March 07, 2006
AIM Bots, or not
Jason Calacanis just wrote about AOL opening AIM a bit and Wil Wheaton followed with a great posts AIM bots. Specifically this bit:
"As I understand it, if you want to hook into the AIM API, you have to cough up a significant fee to AOL, so I don't see rampant 'bot development happening any time soon, but if AOL decided to dump the fees (maybe they could add a line after the message that says, "brought to you by [sponsor]" if they wanted to make up for lost fees, and sell the adspace) and a company like blogger or sixapart incorporated some easy to use code for their customers (add "wake up the bot" to "send trackbacks" or whatever), we could have an entirely new -- and very cool -- method of communicating with each other."
It's not only the API they want a "significant fee" for - it's the unlimited traffic on the bot. And by "significant" I mean "retarded." The way this works is basically this - if you have a AIM account you are allowed so many connections over a set period of time. Bots, by nature, can't fit into that (because lots of people might ping them realtively close together) at which point AOL steps in and says theres too much traffic on that account and bans it for 24 hours or something. Which makes it relatively impossible to have a bot without getting that restriction lifted. Without getting into the specifics of this I'll just say that I know several people who have built functional AIM bots but the monthly fee that AOL wanted to lift the limit of connections was so insane they axed the idea in a second. Insane by 2006 standards, insane even by 1998 standards. And by "axed the idea" I mean just shifted from AIM to another option. Which is exactly what other people are going to do. IM Bots are a cool idea, and if AOL is going to charge people people to run them, people are just going to move to Gaim or Jabber or some other option that won't.

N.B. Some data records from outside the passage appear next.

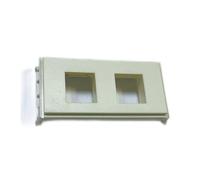 Outlet panel for 2 x keystone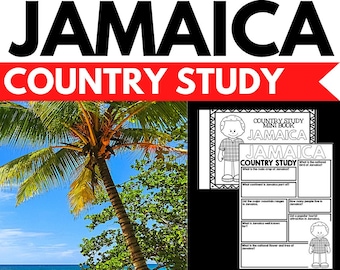 Jamaica Country Study – Printable Fact Book & Passport Activity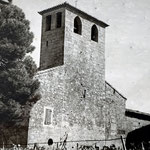Autre vue côté ouest de l’église de Sauvian - archives Andrée Crouzat - memoiredesauvian.fr
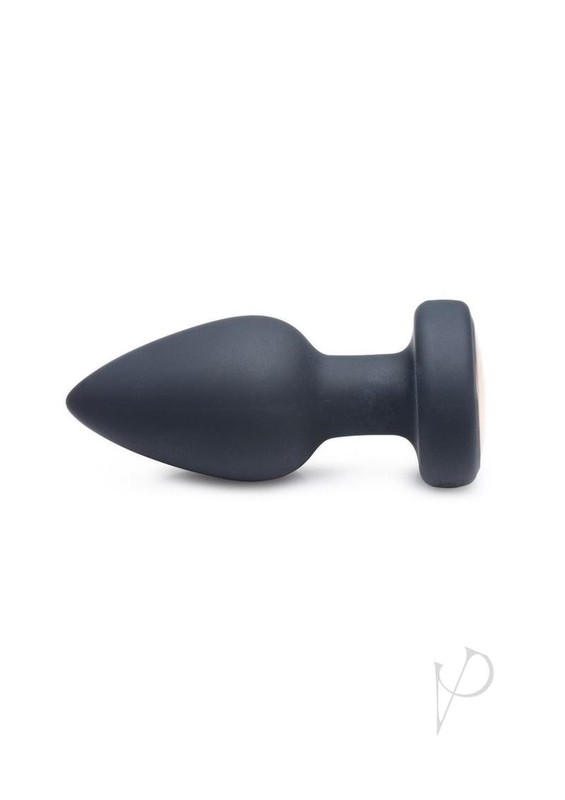 Booty Sparks Silicone Vibrating LED Plug - Medium - Black gallery
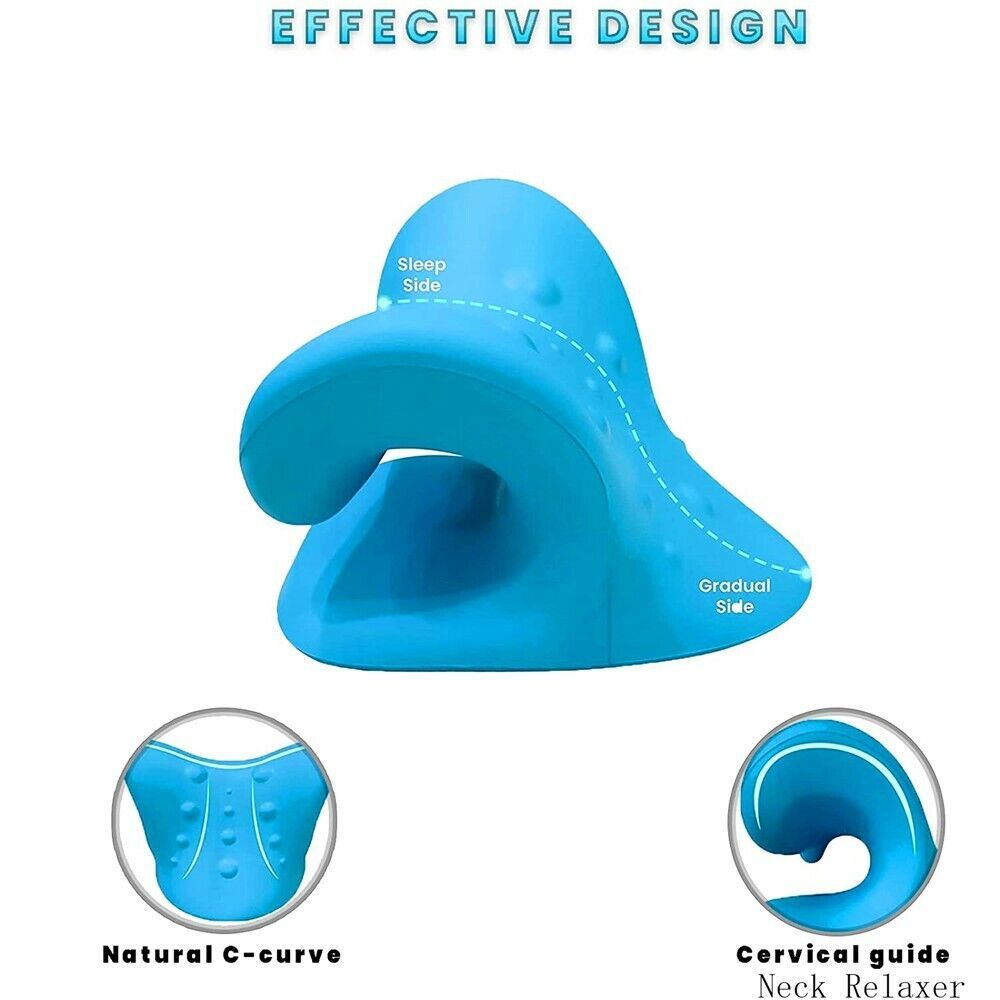 Neck Traction Pillow Original Cloud Shape Neck Stretcher Cervical Relieve fatigue AU V201-W12466641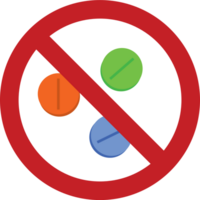 No drugs sign pills vector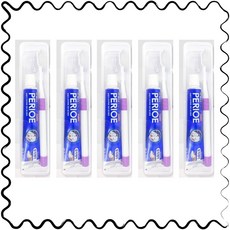 페리오 여행용 칫솔치약세트 5개, 50g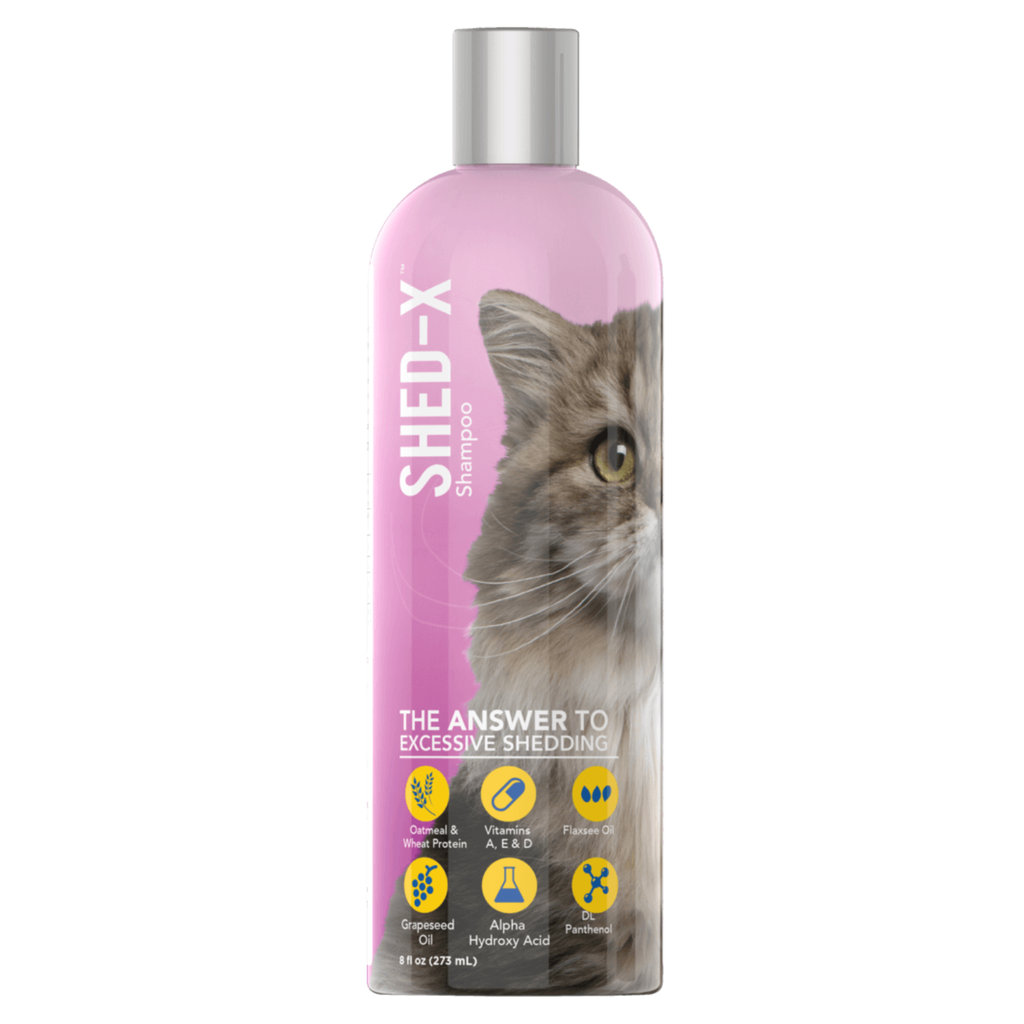 Synergy Labs Shed-X Anti-Shedding Cat Shampoo-[Volume - 237ml]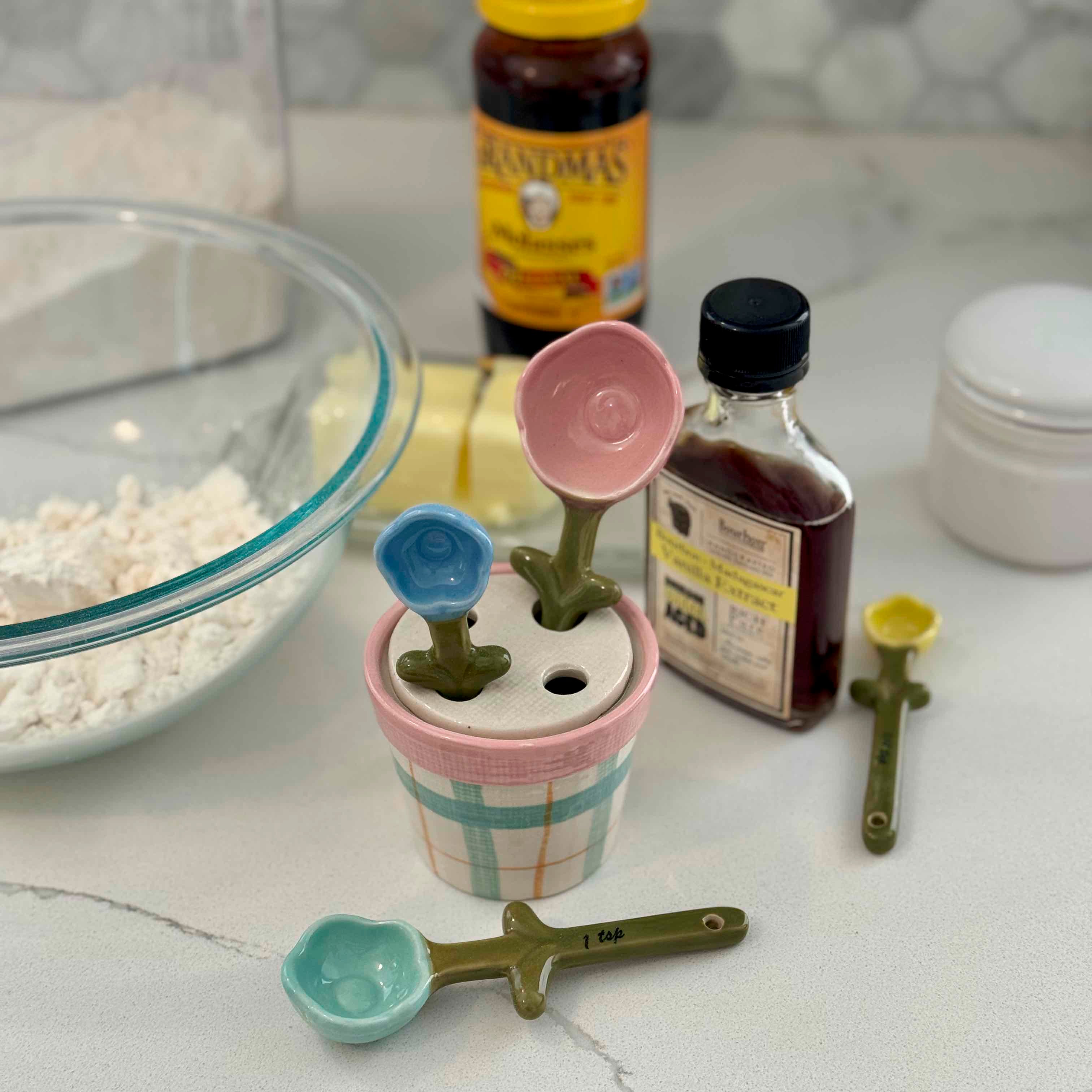 Flower Measuring Spoons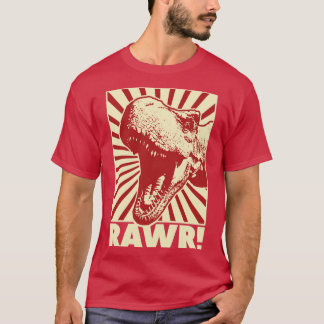 RAWR Tyrannosaurus Rex TRex Vintage Retro T Rex Shirt
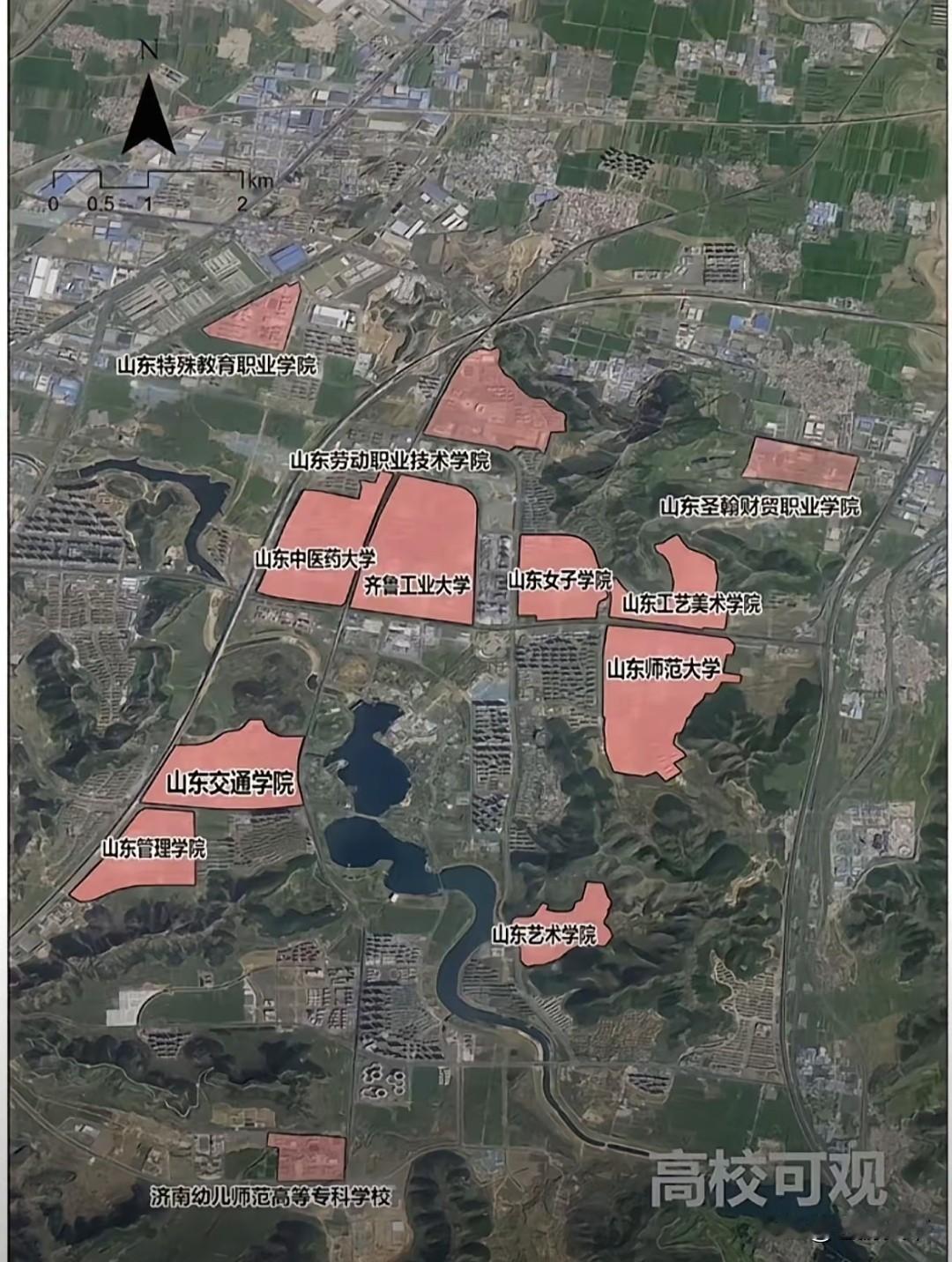 长清大学城高校地图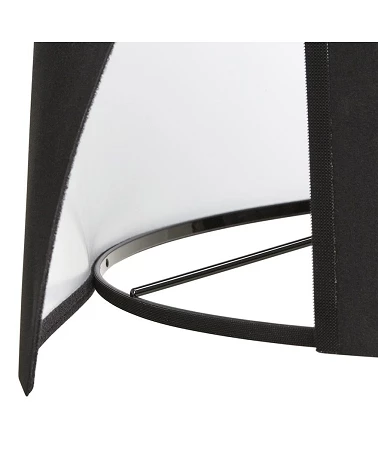 Lampe de table scandinave Trivet Mini métal Noir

Yeah, the cost is hella retarded. I know I've had bots running for almost a year that I just have out there for personal use. This commercial bot process needs to be revamped or just like you said. Go to Jabber.
Posted by:
Jason D- on March 7, 2006 01:23 PM
I'm going to look into it... from what I've heard the problem is that there are a lot of spammers trying to sneak in and use bots for bad things. If that's the case we need to come up with a way to let the goodguys in and keep the bad guys out.
Posted by:
Jason on March 7, 2006 02:56 PM
We were told the issue was inbound traffic, not outbound which seems a little odd to blam on spammers since I don't know that too many people would be out there pinging a spambot.
Thanks for looking into it, but if the way to let the good guys in is the current someone-is-on-the-pipe-again monthly fee or a whitelist tax that's not much of a solution and it's still going to push people to use completely free options.